_What the exercise asks_: Repeat the listing word for word. Leave every picture out.

_Collected material_:
· · · ·

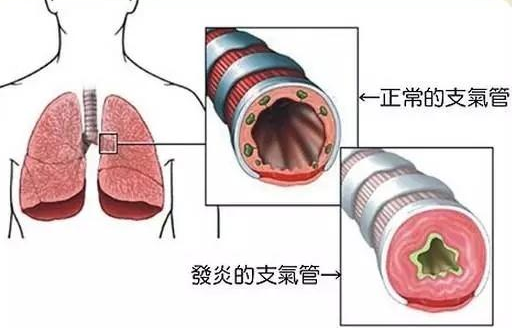 支气管炎吃什么好？支气管炎有哪些需要注意的地方？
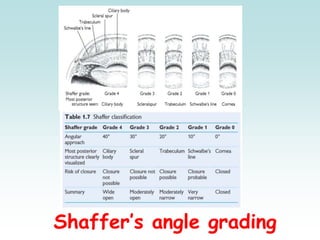 Shaffer’s angle grading
 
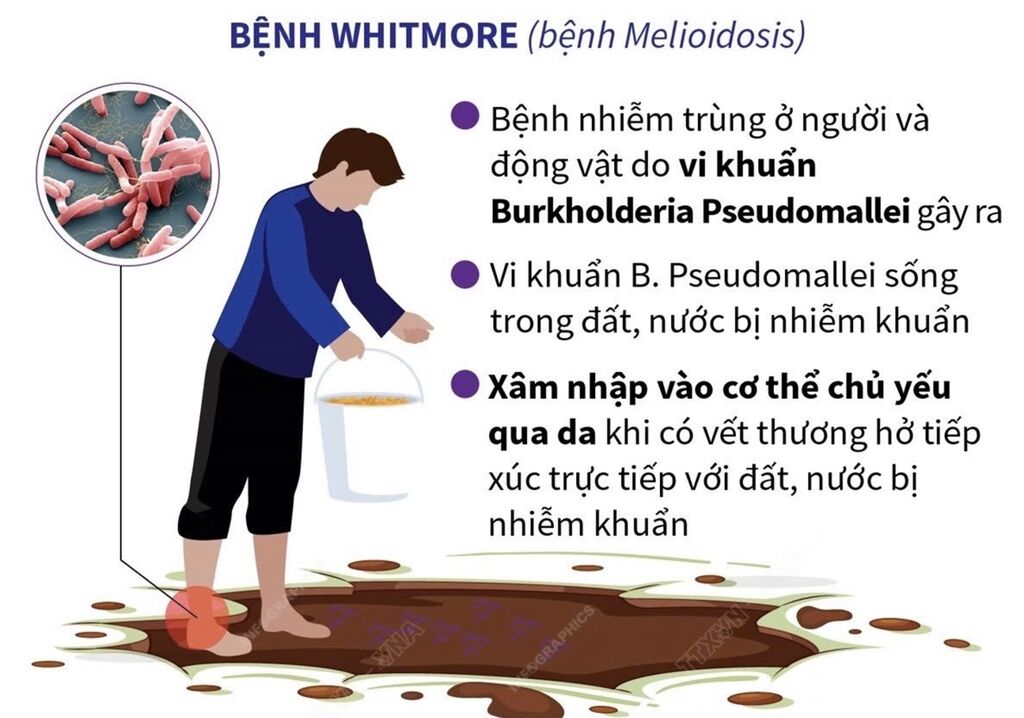 KHUYẾN CÁO PHÒNG, CHỐNG BỆNH WHITMORE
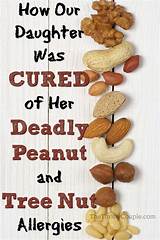 Pictures of Cashew Nut Allergy Treatment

· · · ·

_Written response_:
 支气管炎吃什么好？支气管炎有哪些需要注意的地方？
 Shaffer’s angle grading
 
 KHUYẾN CÁO PHÒNG, CHỐNG BỆNH WHITMORE
 Pictures of Cashew Nut Allergy Treatment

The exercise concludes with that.